Mit dem Abschluss dieser Bauarbeiten endete für die EAW jedoch keineswegs die Bautätigkeit. Im Juli1999 hatte sie den Betrieb des Johann-Buchard-Bartels-Hauses von der Gemeinde Gemarke-Wupperfeld übernohmen. Das Gebäude war von 1971 bis 1974 errichtet worden und war nach dem ersten Pfarrer der Gemeinde Wupperfeld benannt, der sein Vikariat in Wichlinghausen absolviert hatte.
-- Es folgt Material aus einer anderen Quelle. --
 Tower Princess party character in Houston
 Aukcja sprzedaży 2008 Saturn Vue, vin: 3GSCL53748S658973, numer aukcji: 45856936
Schon in der Anfangszeit hatte sich in dieser Einrichtung ein Skandel zugetragen, der den damaligen Heimleiter Zimmermann betraf, der als Todesengel im Heim gewirkt hatte. Seit dieser Zeit war das Heim nicht mehr im Großen Maßstab modernisiert worden. Ein weiterer Betrieb des Heims war durch die Auflagen der Pflegeversicherung kritisch. Der Umbau des JBB-Hauses dauerte bis zum März 2007. In dieser Zeit zogen die Bewohner des Hauses in den Modulbau in der Hugostraße.

Zwei weitere große Baumaßnahmen standen der EAW noch bevor. Nachdem zahlreiche Dienste und Einrichtungen außerhalb Wichlinghausens übernommen und teilweise neu ausgerichtet worden waren, übernahm die EAW von 2009 an den Neubau des Altenzentrums in Cronenberg, das im Juni seinen Betrieb aufnehmen konnte. Die zweite Maßnahme betraf den Modulbau in der Hugostraße. Dieser war seit 2007 durch verschiedene Träger von Altenhilfe genutzt worden und war in einem schlechten Zustand. Ein Umbau im Jahr 2012 war nötig, so dass die Inbetriebnahme des Baus als Altenzentrum Am Nordpark, das sich auf suchtkranke Senioren spezialisiert hatte, begannen werden konnte.

Bereits zu diesem Zeitpunkt zeichneten sich jedoch bereits strukturelle Probleme ab. Zum einen waren die beiden letzten Geschäftsjahre mit einem Defizit abgeschlossen worden, zum anderen fehlte für die Gremien der GmbH das Personal. Schließlich war auch der Geschäftsführer der EAW kurz vor dem Renteneintrittsalter. Die Eigentümerin der EAW, die Kirchengemeinde Wichlinghausen-Nächstebreck, beschloss daraufhin, den Verkauf der EAW an die Diakonie Wuppertal. Der Betrieb aller stationären und ambulanten Dienste der EAW ging so am 1. Januar 2013 an die Diakonische Altenhilfe Wuppertal über. Die GmbH selber wurde jedoch nicht aufgelöst, sondern lebt als Immobilienverwaltung ihrer Gebäude weiter.

Die Evangelische Altenhilfe Wichlinghausen existierte so gute 10 Jahre, in denen sie die Altenhilfe erst in Wichlinghausen und dann auch in anderen Teilen von Wuppertal auf professionelle Beine stellte. Letzte Spuren kann man von ihr noch erkennen. Zum einen wurden viele der 600 Mitarbeiter, die sich am Schluss hatte, von der Diakonie Wuppertal übernommen, zum anderen findet sich am Gebäude der Tagespflege, Westkotter Straße 175, noch der Hinweis auf den ehemaligen Träger.